### WHAT NEEDS TO BE DONE
A faithful copy of the data is the goal; set it down exactly, without the images.

### INPUT RECORDS
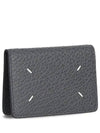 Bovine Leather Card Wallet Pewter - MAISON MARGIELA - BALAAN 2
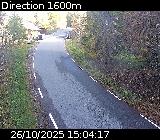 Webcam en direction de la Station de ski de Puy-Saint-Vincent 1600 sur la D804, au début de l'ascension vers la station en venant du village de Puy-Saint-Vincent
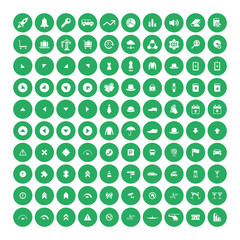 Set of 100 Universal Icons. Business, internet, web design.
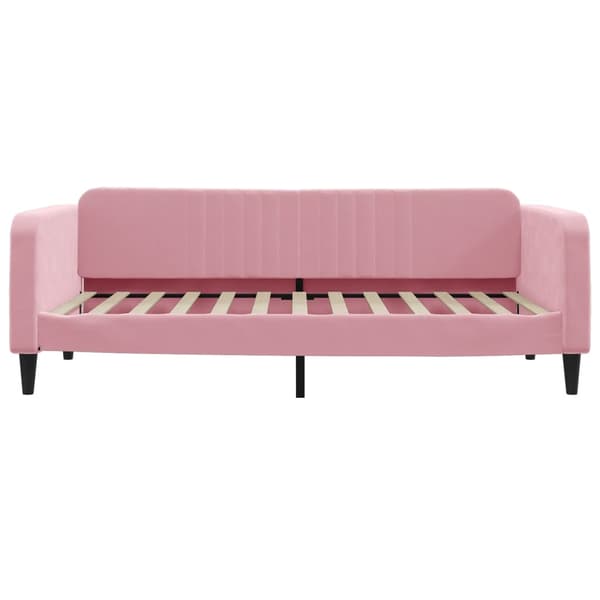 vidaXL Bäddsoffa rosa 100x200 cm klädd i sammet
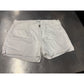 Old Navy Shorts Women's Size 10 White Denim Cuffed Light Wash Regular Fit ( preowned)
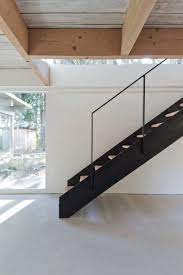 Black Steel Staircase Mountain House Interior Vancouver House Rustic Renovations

### EXPECTED OUTPUT
 Bovine Leather Card Wallet Pewter - MAISON MARGIELA - BALAAN 2
 Webcam en direction de la Station de ski de Puy-Saint-Vincent 1600 sur la D804, au début de l'ascension vers la station en venant du village de Puy-Saint-Vincent
 Set of 100 Universal Icons. Business, internet, web design.
 vidaXL Bäddsoffa rosa 100x200 cm klädd i sammet
 Old Navy Shorts Women's Size 10 White Denim Cuffed Light Wash Regular Fit ( preowned)
 Black Steel Staircase Mountain House Interior Vancouver House Rustic Renovations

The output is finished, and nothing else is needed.